* [Required work]:
The data below contains pictures, which are to be skipped; the lines starting at the line with "3VW4M7BU9PM011582 Photo# 6" and ending at the line with "Penguin K2 Parka" are to be output exactly, both ends included.

* [Records supplied]:
--- --- ---

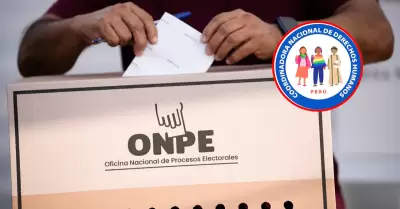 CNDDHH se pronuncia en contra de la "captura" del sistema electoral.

--- --- ---

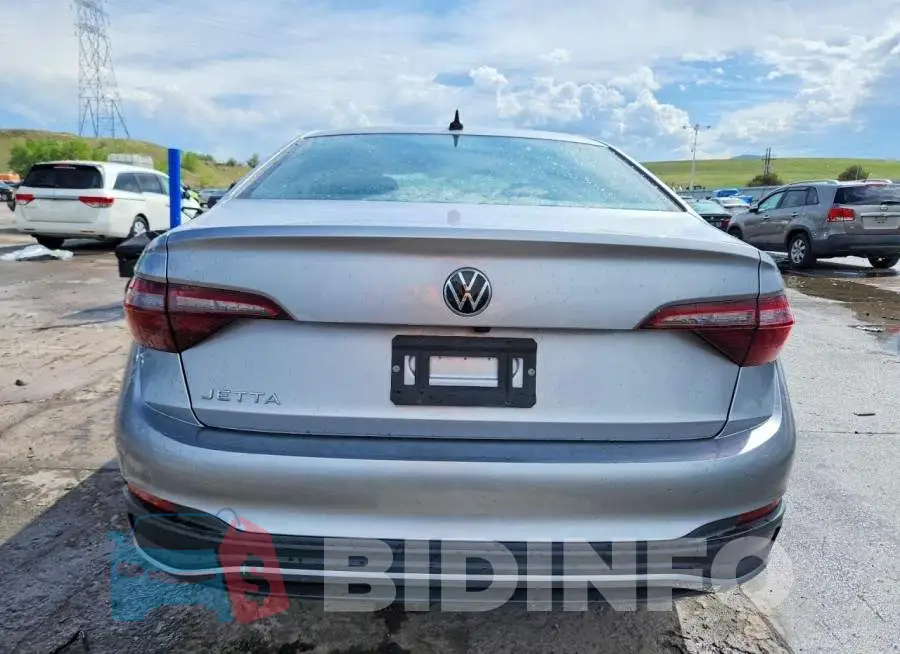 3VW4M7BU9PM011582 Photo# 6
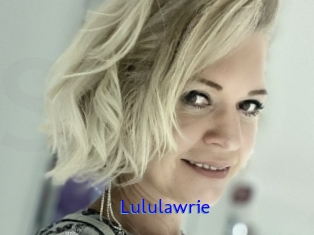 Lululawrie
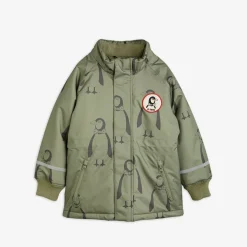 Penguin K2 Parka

--- --- ---

* [Answer below]:
 3VW4M7BU9PM011582 Photo# 6
 Lululawrie
 Penguin K2 Parka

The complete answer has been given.